Marvin Cox testified that, in talking to Miss Baxter and Gentry, Miss Baxter asked him to tell Gentry that she was a "nice girl," and that when he did so Gentry laughed and said, "I don't like nice girls." There was also testimony that on a previous occasion Miss Baxter had got out of Gentry's car to walk when she was with him.
The defense offered testimony to explain the incident in which Miss Baxter had previously left Gentry's car by showing that she had done so with another boy to get her brother's car and to stay out almost all night with him. A number of character witnesses testified to Gentry's good character, and the defendant then made an oral statement which contradicted previous admissions by him to officers and a written statement made by him. In his statement he denied that he ran over the deceased, but said that she was sick and asked to get out of the car, that he drove up the road to turn around, and when he returned he found her lying in the road and carried her to Dalton after getting confused as to his location. He further stated that he was a Navy veteran and had been in four major battles in the Pacific and was hospitalized for battle fatigue in the Philippine Islands; that he was emotionally upset from the terrible shock when he signed the statement in which he admitted running over the deceased and that the contraceptives found in the car belonged to some boys who had used his car previously.
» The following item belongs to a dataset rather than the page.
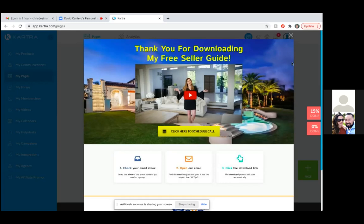We can't just run the ad today — we have to get all this set up first. The ad isn't going to go live right now. We need to have somewhere to send people and get all of this up and running first.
Numerous photographs by both sides and the clothing of the deceased were submitted in evidence. In addition the State offered rebuttal testimony to show that the accused had been allowed to eat and was not under duress when he signed the written statement submitted in evidence.
A motion for new trial was made, containing the usual general grounds, which was later amended by adding five special grounds. The motion was overruled after a hearing, and the bill of exceptions is to that judgment.
M. G. Hicks, C. C. Pittman, and Harbin M. King, for plaintiff in error.